Team
- Curling club: Rideau CC, Ottawa, ON
- Skip: Howard Rajala
- Third: Rich Moffatt
- Second: Chris Fulton
- Lead: Paul Madden
- Alternate: Phil Daniel

Curling career
- Member Association: Ontario
- Brier appearances: 1 (1999)

Medal record
Curling
Representing Canada
World Senior Championships
| Gold medal – first place | 2023 Gangneung |  |

= Rich Moffatt =

Canadian curler

Richard Moffatt (born 1959) is a Canadian curler from Ottawa, Ontario. In 1999, he became only the third curler to skip an Ottawa-area team at the Brier.

Moffatt began curling in 1973 after quitting ice hockey. As a junior curler, he made it to the playoffs of the 1981 Ontario Junior Curling Championships. He played in his first Ontario men's championship in 1988 throwing third rocks for Rick Bachand.

Moffatt skipped his own team for much of his career. In 1999, he finally won the Ontario men's championship, qualifying him for the 1999 Labatt Brier. At the Brier, his rink from the Rideau Curling Club finished with a 6-5 record.

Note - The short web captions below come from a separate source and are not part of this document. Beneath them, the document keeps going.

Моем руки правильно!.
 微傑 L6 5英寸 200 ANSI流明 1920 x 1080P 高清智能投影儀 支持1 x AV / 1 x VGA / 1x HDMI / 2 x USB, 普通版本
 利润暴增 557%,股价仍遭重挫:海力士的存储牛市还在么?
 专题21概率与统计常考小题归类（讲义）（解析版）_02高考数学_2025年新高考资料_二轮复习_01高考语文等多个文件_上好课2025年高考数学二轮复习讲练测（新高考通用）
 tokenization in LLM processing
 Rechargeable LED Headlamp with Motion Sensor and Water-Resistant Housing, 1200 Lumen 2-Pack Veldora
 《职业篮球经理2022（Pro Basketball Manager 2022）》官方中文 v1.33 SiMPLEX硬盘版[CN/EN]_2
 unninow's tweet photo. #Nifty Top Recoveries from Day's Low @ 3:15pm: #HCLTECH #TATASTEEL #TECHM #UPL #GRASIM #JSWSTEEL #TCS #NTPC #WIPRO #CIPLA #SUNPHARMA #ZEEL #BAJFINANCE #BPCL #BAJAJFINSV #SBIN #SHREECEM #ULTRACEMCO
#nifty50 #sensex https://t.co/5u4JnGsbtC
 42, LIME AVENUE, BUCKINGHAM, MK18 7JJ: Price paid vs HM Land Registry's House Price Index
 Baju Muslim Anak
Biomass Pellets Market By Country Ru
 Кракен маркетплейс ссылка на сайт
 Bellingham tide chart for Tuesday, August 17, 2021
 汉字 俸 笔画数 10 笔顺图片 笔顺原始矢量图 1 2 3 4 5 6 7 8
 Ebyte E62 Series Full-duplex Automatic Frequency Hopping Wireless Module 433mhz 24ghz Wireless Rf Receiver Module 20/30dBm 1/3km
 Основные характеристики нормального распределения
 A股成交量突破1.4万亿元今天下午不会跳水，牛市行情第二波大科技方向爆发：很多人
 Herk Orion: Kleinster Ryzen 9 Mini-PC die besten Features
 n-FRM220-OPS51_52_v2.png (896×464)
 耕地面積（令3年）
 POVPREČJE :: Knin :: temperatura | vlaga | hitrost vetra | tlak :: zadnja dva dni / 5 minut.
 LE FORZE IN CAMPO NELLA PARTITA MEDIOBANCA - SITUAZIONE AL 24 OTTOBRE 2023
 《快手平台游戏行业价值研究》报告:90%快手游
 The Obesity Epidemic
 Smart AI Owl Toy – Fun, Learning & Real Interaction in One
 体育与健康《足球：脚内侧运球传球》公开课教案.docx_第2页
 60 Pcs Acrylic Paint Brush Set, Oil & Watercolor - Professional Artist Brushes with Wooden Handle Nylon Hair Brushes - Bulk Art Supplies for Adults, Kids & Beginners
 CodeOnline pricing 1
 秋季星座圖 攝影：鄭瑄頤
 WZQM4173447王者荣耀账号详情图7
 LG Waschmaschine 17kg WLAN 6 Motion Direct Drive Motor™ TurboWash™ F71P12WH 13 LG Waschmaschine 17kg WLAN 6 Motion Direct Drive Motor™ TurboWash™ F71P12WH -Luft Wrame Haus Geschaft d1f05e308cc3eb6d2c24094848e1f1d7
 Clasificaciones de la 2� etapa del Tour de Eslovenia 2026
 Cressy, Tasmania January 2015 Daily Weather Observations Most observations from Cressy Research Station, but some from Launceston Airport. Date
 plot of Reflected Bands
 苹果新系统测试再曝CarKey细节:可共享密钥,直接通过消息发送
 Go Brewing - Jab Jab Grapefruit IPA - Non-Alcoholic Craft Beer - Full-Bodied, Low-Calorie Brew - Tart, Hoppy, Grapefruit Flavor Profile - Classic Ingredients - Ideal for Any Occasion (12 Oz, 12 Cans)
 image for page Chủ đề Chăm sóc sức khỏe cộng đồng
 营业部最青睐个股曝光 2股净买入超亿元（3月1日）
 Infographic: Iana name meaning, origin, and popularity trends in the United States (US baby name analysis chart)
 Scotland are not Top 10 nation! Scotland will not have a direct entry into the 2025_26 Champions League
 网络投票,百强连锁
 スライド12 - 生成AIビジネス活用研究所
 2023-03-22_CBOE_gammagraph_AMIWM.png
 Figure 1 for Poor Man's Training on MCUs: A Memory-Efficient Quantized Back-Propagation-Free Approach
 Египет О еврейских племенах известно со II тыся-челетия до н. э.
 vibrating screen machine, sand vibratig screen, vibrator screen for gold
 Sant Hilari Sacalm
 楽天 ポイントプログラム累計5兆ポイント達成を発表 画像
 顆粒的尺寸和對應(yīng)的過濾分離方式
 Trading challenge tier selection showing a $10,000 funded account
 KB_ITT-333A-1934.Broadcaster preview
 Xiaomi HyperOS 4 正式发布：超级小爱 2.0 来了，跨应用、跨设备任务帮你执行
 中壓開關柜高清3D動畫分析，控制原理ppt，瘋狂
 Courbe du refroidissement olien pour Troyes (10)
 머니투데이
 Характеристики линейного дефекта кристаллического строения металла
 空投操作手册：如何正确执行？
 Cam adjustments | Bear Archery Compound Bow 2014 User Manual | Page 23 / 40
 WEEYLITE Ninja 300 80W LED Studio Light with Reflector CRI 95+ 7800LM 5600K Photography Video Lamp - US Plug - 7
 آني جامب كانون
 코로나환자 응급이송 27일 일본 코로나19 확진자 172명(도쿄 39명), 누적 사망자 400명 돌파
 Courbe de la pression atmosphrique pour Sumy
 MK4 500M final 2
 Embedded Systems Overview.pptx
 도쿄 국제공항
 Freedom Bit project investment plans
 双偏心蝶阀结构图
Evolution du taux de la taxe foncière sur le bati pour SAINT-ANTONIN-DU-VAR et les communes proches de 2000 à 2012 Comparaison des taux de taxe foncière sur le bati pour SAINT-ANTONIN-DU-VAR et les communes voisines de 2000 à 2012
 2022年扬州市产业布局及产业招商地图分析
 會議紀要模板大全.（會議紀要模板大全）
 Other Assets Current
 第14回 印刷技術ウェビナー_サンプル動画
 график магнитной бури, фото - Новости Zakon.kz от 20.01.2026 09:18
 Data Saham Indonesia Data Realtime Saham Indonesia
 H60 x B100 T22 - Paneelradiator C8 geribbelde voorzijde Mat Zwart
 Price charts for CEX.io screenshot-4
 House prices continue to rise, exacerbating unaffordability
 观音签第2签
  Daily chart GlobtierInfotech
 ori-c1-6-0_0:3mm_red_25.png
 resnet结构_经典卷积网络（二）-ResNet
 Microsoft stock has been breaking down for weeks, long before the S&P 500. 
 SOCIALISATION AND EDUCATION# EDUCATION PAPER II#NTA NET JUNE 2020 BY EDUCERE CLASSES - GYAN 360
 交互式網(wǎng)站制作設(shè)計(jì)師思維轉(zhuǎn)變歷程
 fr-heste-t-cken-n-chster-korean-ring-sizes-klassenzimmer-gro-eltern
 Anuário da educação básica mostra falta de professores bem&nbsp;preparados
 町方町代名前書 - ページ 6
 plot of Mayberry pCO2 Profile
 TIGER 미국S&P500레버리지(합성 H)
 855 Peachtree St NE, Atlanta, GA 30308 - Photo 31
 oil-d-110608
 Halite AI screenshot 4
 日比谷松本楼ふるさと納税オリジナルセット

Moffatt retired from curling in 2007, but quickly changed his mind and came back to play for Bryan Cochrane. He played with Cochrane until 2012. Moffatt joined up with Howard Rajala (as his third) to win the 2013 Ontario Senior curling championships. He won three more provincial senior titles with Rajala in 2017, 2020 and 2022; the team followed up by winning the 2023 World Senior Curling Championships for Canada.

==Personal life==
Moffatt attended Carleton University for political science.